Dritte ERC-Förderung für Jonathan Harrington
Als einer von nur sehr wenigen Wissenschaftlern weltweit erhält Jonathan Harrington vom Europäischen Forschungsrat (ERC) zum dritten Mal einen Advanced Grant. Der ERC fördert mit einem Advanced Grant innovative Forschungsprojekte von Wissenschaftlern, die bereits herausragende Leistungen erbracht haben.
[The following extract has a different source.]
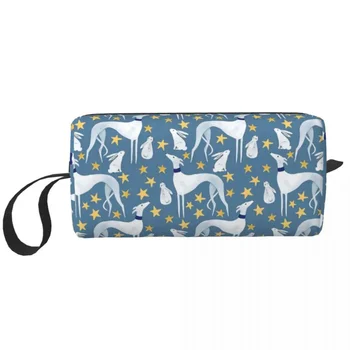 Galgo заек и звезди козметична чанта за жени грим чанти Greyhound Whippet куче пътуване водоустойчива тоалетна чанта организатор Merch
In William Shakespeare's times, 'knee' and 'knot' were pronounced with a /k/, just like German does today. But why did English and not German drop the /k/? This question is part of the actuation of sound change, recognised as one of the greatest challenges in linguistics, and which is about explaining why sound change happens, and why languages can follow such different paths of sound change. The actuation puzzle remains unsolved principally because the beginning of sound change is so gradual that it is undetectable even with modern instrumentation. Yet a breakthrough is essential for explaining why languages split and diversify. The project remedies this deficiency by determining how the cognitive mechanisms that control human speech processing, the social factors that bind individuals together, and the phonetic properties that shape a community's dialect, can, in combination, cause the sounds of the world’s languages to become unstable and change. The methodological innovation is to recast the elusive actuation puzzle as an empirically tractable transformation of an input (A) into an output (B). Here A and B are two closely related, geographically proximal, living dialects whose sound patterns differ in whether one or more common sound changes have taken place. The actuation puzzle is then solved with experiments in human speech imitation and computational modelling in order to estimate which combination of cognitive, social, and phonetic factors transforms A into B. Generalisation is achieved by selecting dialect pairs from Bantu, Indo-European, and Japanese languages that differ markedly in their sound patterns and sociocultural background. The wider scientific impact lies in the commonality with many disciplines including ecology, economics, and geoscience in understanding complex systems (here: language) in which interactions between sub-components (here: communicating speakers) cause transitions (here: sound change) that are unevenly distributed in time.